Senza tener conto dei prodotti petroliferi, l'inflazione annua è stata limitata all'1,6%, secondo i calcoli diffusi venerdì dall'Ufficio federale di statistica (UST). L'entità dell'aumento dei prezzi è stata in linea con le aspettative degli economisti consultati da AWP, che hanno fissato le loro previsioni allo 0,6% su un mese e al 2,5% su un anno.

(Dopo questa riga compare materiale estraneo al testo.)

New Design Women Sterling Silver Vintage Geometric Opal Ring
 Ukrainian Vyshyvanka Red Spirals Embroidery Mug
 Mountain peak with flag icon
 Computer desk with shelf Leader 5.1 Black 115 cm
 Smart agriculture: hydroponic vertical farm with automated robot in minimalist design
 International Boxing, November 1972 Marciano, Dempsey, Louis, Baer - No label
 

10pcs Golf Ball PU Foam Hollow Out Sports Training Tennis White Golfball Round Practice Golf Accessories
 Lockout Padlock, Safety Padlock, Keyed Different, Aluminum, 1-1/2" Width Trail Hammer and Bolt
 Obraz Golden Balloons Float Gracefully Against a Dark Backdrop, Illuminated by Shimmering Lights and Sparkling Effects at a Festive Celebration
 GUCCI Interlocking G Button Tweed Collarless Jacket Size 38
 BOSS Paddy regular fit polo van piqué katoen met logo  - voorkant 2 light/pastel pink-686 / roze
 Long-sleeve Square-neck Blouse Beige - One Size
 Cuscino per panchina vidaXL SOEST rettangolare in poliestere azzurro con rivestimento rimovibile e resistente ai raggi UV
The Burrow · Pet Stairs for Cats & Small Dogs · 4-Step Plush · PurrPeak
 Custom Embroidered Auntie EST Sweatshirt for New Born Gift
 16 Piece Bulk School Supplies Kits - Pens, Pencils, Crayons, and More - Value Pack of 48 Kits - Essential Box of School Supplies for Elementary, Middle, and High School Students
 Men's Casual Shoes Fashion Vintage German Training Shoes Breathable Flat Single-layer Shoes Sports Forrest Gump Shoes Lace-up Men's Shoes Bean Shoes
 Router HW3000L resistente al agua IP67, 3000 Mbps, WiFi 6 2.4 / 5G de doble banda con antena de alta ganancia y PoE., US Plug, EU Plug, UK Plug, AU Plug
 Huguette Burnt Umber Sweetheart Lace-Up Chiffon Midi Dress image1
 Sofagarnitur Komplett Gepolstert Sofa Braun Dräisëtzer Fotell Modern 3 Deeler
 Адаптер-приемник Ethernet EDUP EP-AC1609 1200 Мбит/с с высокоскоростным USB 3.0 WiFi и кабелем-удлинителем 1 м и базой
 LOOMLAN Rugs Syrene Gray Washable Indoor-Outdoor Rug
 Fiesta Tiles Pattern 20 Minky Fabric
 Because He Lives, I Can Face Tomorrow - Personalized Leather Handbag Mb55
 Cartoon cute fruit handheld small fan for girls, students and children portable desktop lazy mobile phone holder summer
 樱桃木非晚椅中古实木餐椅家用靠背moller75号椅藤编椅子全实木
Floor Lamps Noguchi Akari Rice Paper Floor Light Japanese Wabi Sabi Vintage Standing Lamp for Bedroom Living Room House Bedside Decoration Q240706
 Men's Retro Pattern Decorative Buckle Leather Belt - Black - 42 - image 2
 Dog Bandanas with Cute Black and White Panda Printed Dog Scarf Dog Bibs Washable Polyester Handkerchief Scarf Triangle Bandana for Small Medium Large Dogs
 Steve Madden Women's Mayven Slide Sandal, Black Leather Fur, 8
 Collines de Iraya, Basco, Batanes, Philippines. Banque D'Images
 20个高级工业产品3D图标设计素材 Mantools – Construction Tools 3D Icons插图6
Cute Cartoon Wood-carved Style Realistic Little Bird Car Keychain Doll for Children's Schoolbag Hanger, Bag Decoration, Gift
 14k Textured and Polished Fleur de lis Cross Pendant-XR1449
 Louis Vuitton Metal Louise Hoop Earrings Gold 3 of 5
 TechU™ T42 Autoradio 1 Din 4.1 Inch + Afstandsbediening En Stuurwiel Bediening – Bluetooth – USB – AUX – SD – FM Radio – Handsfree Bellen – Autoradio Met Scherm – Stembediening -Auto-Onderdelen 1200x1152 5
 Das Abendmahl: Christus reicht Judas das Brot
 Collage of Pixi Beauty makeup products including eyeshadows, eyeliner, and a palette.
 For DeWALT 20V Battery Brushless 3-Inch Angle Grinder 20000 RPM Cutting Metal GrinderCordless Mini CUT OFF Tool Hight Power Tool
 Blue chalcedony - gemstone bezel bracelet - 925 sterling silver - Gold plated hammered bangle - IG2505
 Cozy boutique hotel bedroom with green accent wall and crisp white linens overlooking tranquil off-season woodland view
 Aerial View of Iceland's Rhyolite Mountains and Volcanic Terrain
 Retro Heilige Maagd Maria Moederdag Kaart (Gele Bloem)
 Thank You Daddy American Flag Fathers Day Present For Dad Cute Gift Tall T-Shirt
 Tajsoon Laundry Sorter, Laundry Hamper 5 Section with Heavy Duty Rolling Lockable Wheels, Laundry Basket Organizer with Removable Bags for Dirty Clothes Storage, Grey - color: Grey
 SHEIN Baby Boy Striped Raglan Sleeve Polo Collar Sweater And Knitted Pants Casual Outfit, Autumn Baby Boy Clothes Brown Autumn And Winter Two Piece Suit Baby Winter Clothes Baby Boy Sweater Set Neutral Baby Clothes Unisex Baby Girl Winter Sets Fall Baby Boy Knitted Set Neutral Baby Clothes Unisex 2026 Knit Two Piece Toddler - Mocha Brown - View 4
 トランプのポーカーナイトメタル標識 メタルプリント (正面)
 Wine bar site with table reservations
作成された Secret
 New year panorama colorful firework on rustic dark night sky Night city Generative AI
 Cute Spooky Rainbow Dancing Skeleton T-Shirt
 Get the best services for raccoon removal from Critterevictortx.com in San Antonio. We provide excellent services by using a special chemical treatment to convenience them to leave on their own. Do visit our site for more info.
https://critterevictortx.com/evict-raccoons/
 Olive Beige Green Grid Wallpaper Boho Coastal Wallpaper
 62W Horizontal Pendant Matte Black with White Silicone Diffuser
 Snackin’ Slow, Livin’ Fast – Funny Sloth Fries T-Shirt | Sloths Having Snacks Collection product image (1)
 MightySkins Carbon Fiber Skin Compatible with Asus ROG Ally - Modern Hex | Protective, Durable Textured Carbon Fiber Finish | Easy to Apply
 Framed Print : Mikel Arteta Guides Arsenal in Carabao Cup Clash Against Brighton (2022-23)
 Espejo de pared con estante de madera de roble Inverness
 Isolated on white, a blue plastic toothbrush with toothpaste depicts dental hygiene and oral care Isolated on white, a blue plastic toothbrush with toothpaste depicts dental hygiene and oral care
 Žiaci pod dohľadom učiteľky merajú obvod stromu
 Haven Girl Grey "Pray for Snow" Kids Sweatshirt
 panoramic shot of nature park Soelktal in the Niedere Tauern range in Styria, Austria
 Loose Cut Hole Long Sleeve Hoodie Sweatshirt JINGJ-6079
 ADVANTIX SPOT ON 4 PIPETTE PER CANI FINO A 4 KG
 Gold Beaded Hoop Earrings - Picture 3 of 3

Escludendo i prodotti freschi o stagionali, nonché energia e carburanti, l'inflazione di fondo ha raggiunto l'1,4% nei dodici mesi, contro l'1,3% di febbraio e lo 0,8% di gennaio. I prezzi dell'energia e dei carburanti hanno continuato a salire, decollando del 4,8% in un mese, dopo essere già aumentati del 2,9% a febbraio. Anno su anno, l'aumento ha raggiunto il picco del 20,7%. I soli prodotti petroliferi sono letteralmente "esplosi" e mostrano progressioni di quasi un terzo (+32,1%) nel confronto annuo.

L'impatto del fenomeno si riflette anche nell'evoluzione dei prezzi in funzione dell'origine dei prodotti. I prezzi delle merci nazionali sono aumentati solo dell'1,4% in un anno, contro l'1,3% di febbraio, mentre i prezzi dei prodotti importati sono aumentati del 5,5% nello stesso periodo.